╔══
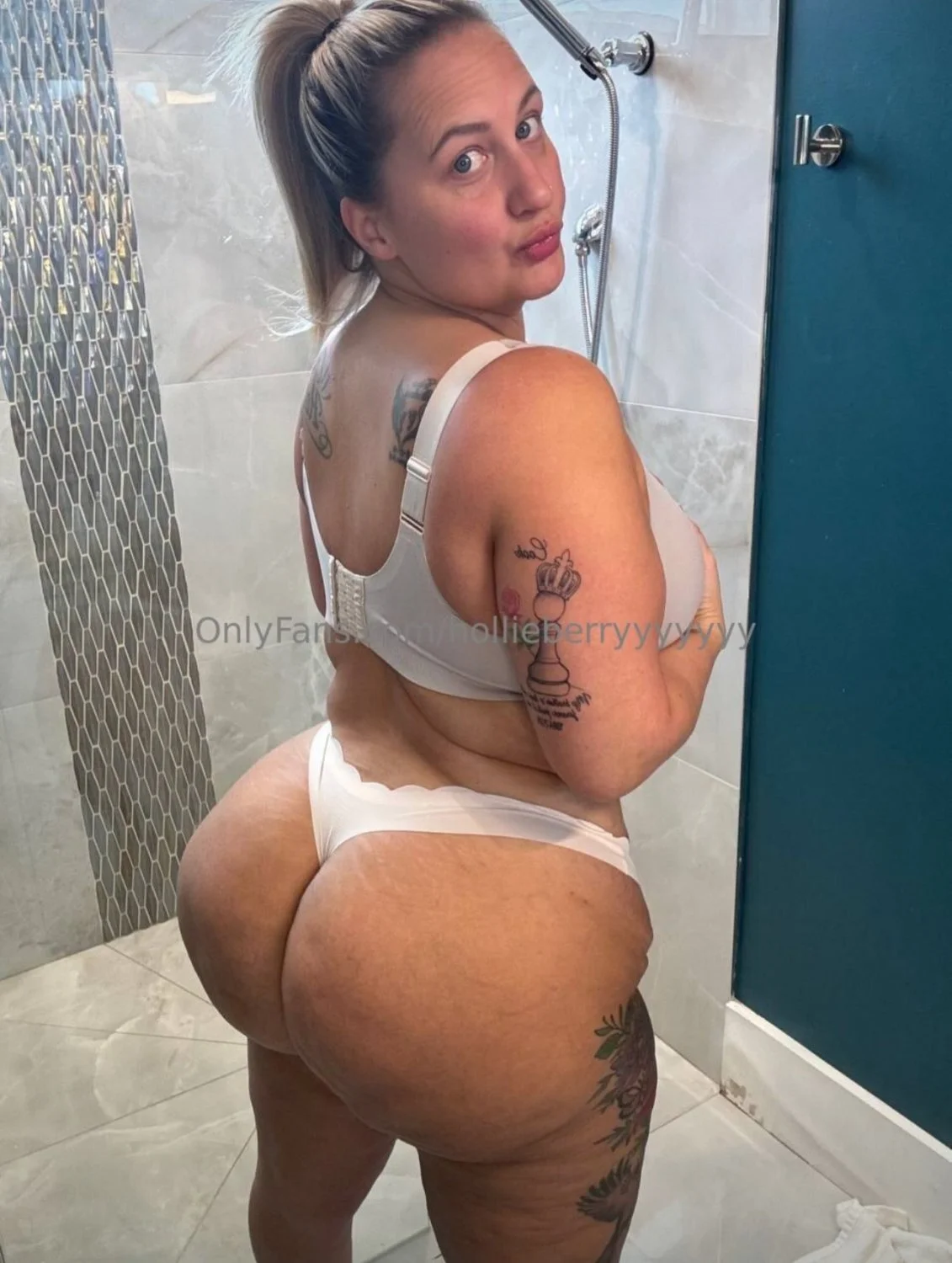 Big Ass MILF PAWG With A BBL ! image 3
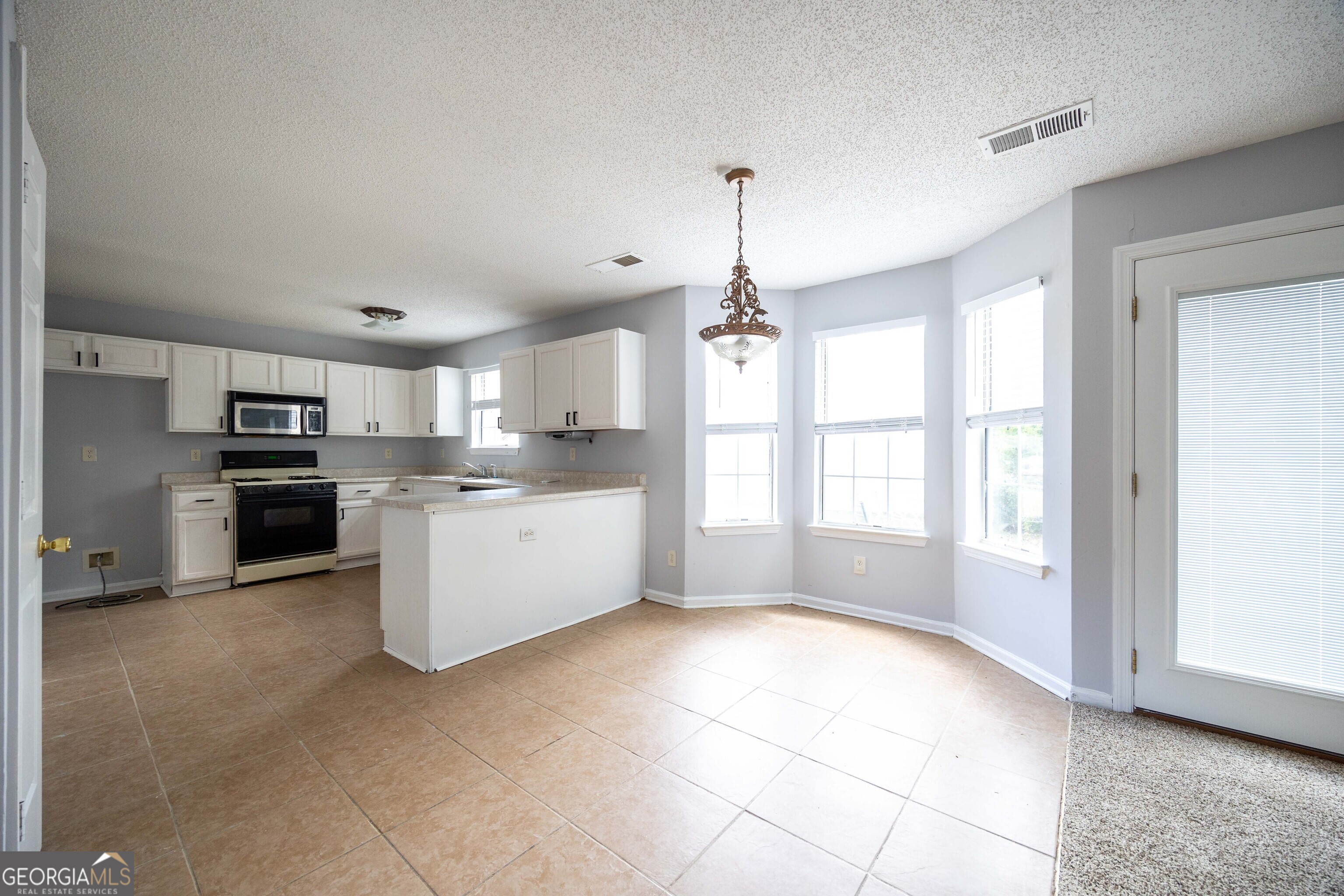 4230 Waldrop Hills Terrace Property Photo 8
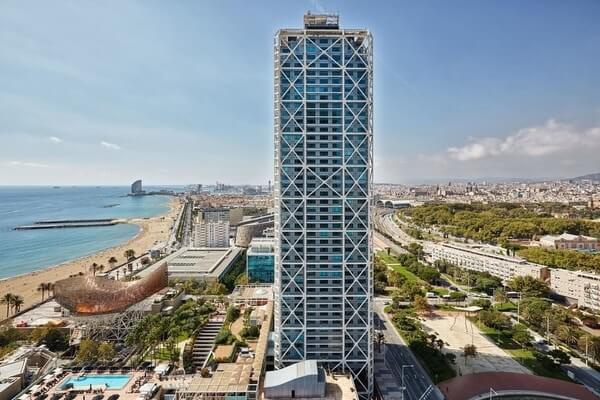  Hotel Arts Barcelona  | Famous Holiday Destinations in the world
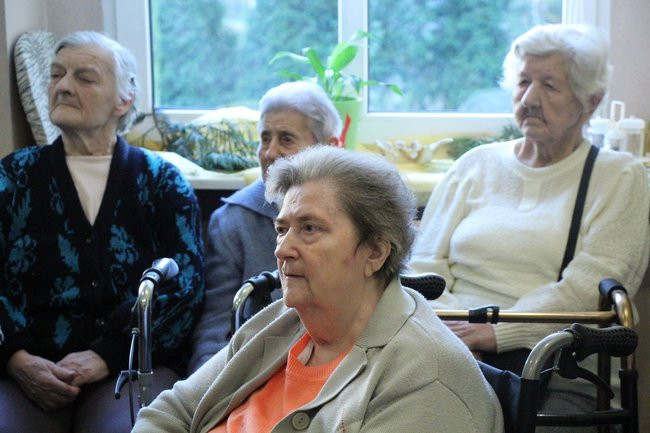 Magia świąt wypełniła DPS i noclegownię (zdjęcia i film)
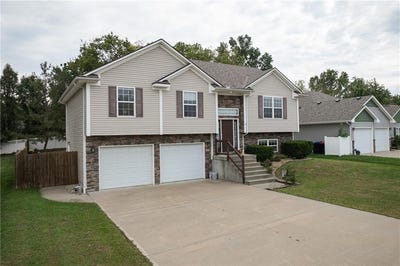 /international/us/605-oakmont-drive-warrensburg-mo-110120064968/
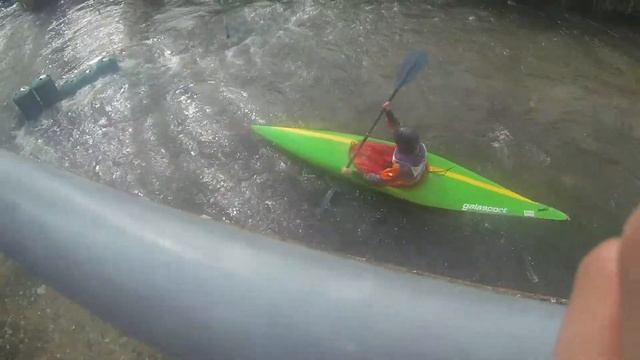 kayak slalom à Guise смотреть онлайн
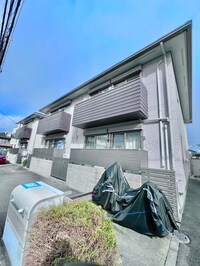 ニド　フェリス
╚══
╔══
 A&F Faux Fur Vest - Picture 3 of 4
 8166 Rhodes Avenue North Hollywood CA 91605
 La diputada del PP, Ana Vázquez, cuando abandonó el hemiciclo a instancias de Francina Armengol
╚══
╔══
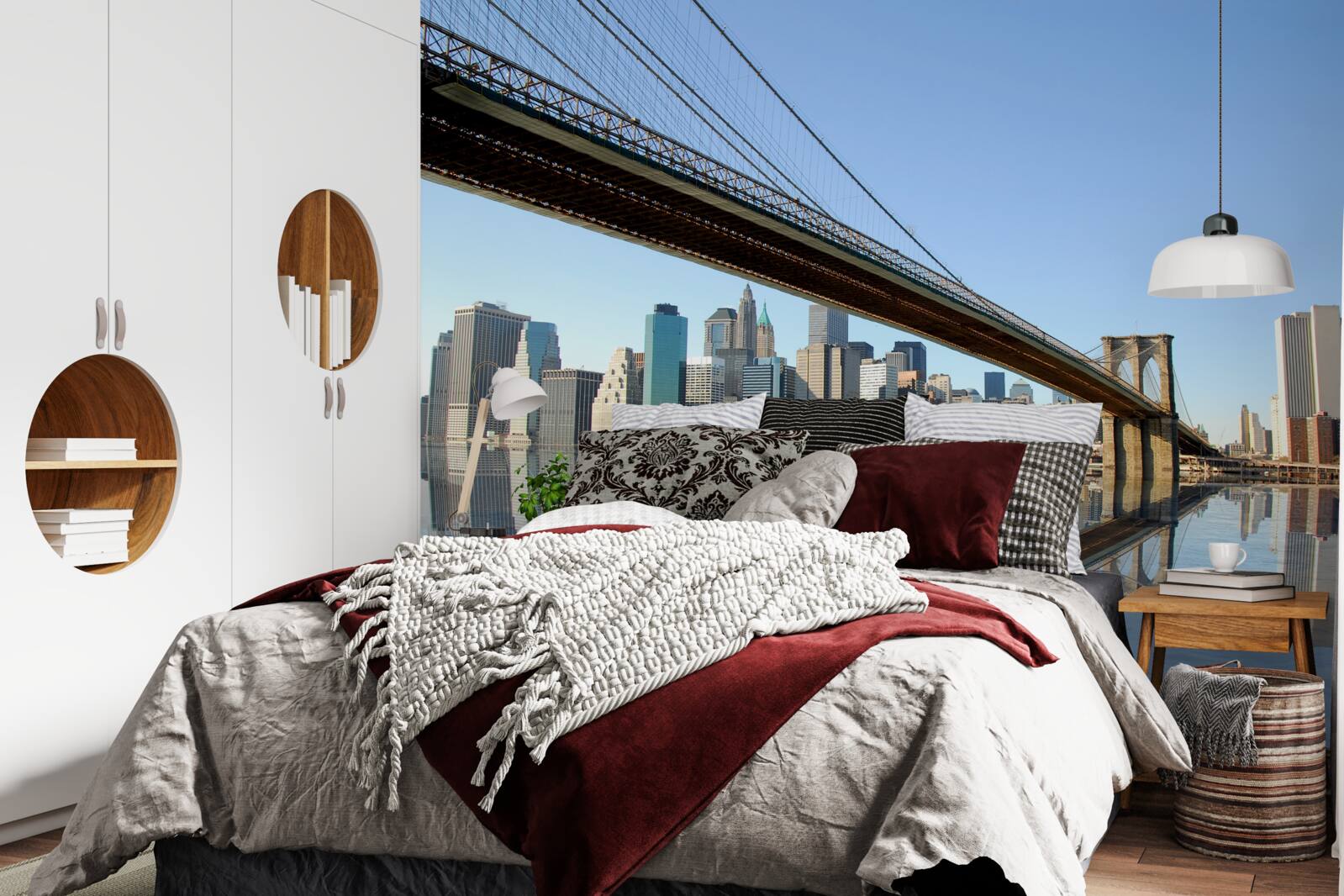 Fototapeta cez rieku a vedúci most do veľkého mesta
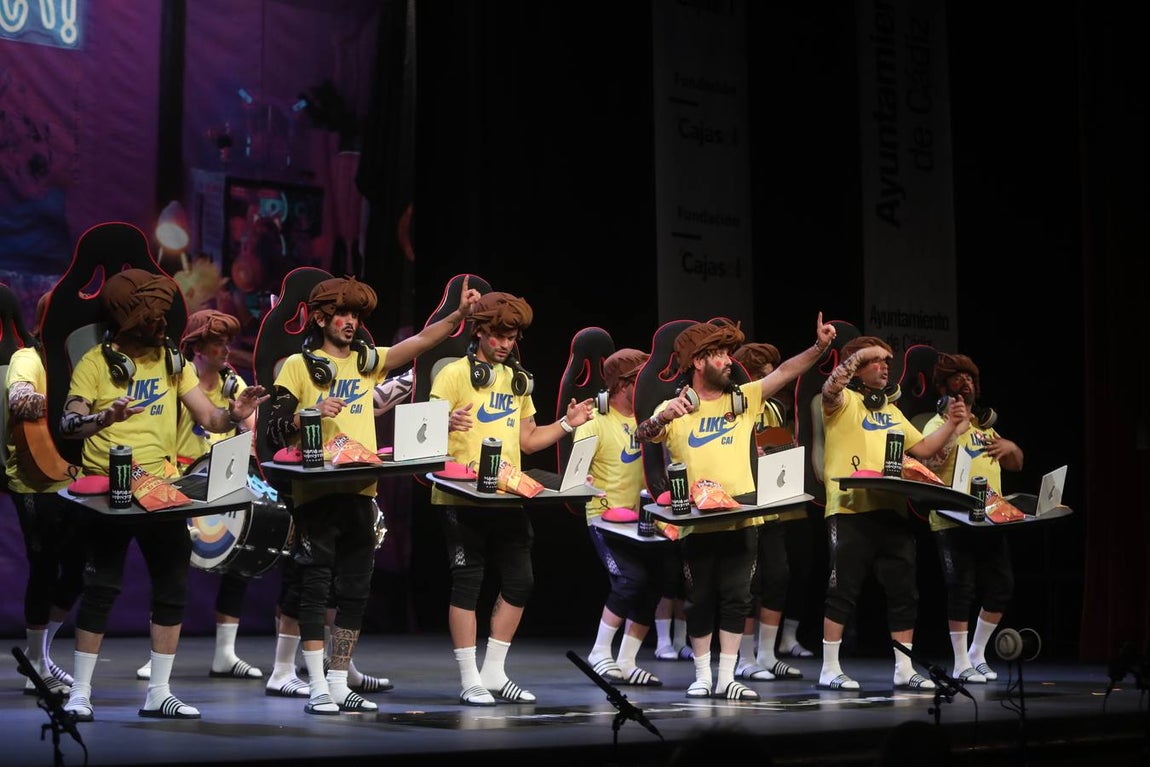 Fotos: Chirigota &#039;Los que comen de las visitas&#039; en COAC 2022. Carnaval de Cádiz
╚══
Work instruction: Please return only the lines above, starting at the line that has "8166 Rhodes Avenue North Hollywood CA 91605" and ending at the line that has "La diputada del", keeping both and leaving each one unchanged.

Solution to this task:
 8166 Rhodes Avenue North Hollywood CA 91605
 La diputada del PP, Ana Vázquez, cuando abandonó el hemiciclo a instancias de Francina Armengol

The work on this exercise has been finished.